Exercise brief: Lines containing "golden" should be pulled from the material below.

Data provided:
##############################

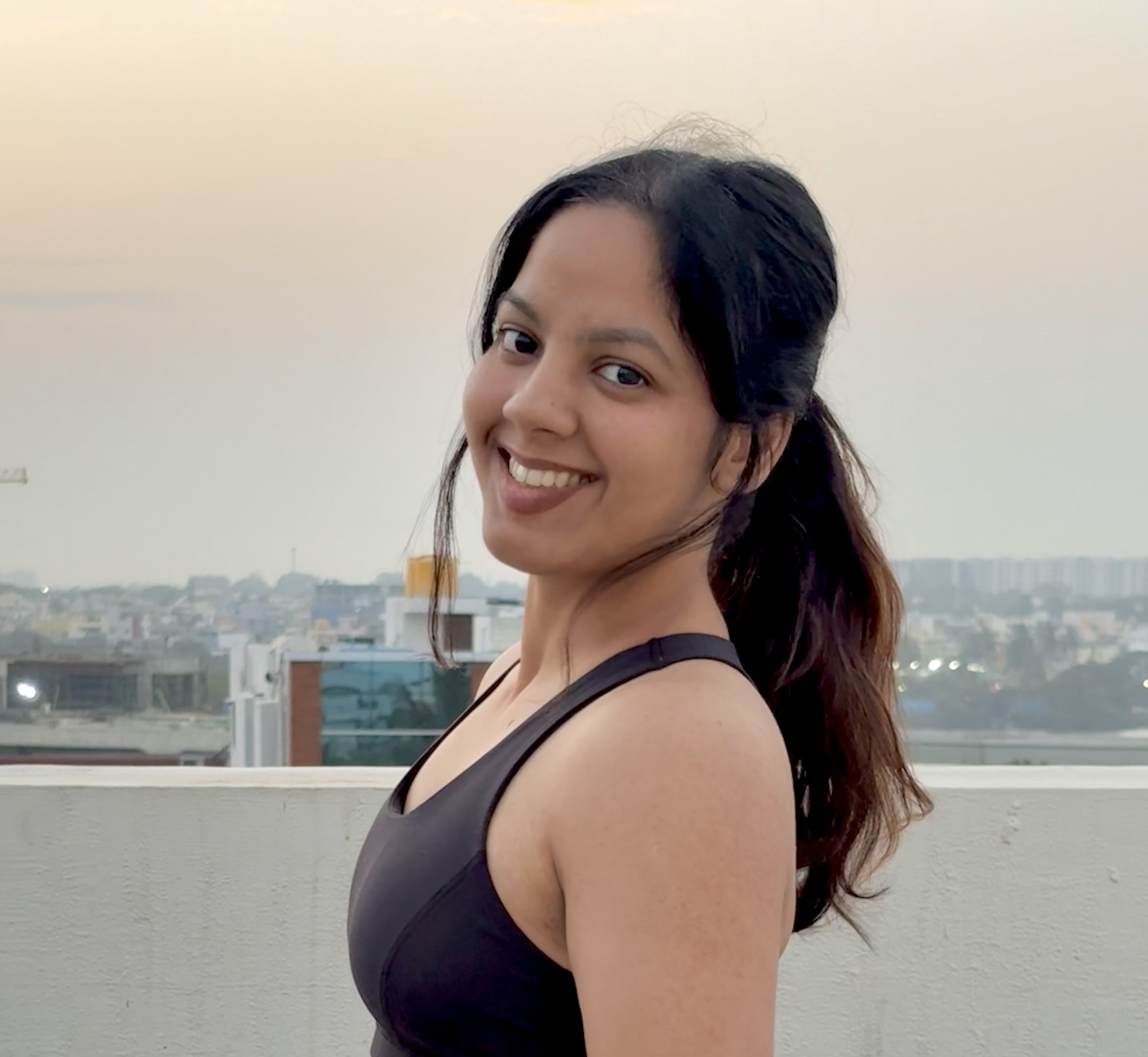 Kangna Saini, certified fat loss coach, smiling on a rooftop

##############################

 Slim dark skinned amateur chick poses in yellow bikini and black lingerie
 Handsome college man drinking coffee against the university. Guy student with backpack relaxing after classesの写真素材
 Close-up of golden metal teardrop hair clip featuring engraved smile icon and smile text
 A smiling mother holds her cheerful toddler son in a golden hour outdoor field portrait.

##############################

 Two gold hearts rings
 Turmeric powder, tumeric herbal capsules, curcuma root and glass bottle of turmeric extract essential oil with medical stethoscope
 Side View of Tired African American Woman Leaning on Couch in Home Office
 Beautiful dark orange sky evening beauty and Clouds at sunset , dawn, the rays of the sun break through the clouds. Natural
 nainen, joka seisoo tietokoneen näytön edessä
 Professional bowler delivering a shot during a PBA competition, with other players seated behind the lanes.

##############################

Your solution:
 Close-up of golden metal teardrop hair clip featuring engraved smile icon and smile text
 A smiling mother holds her cheerful toddler son in a golden hour outdoor field portrait.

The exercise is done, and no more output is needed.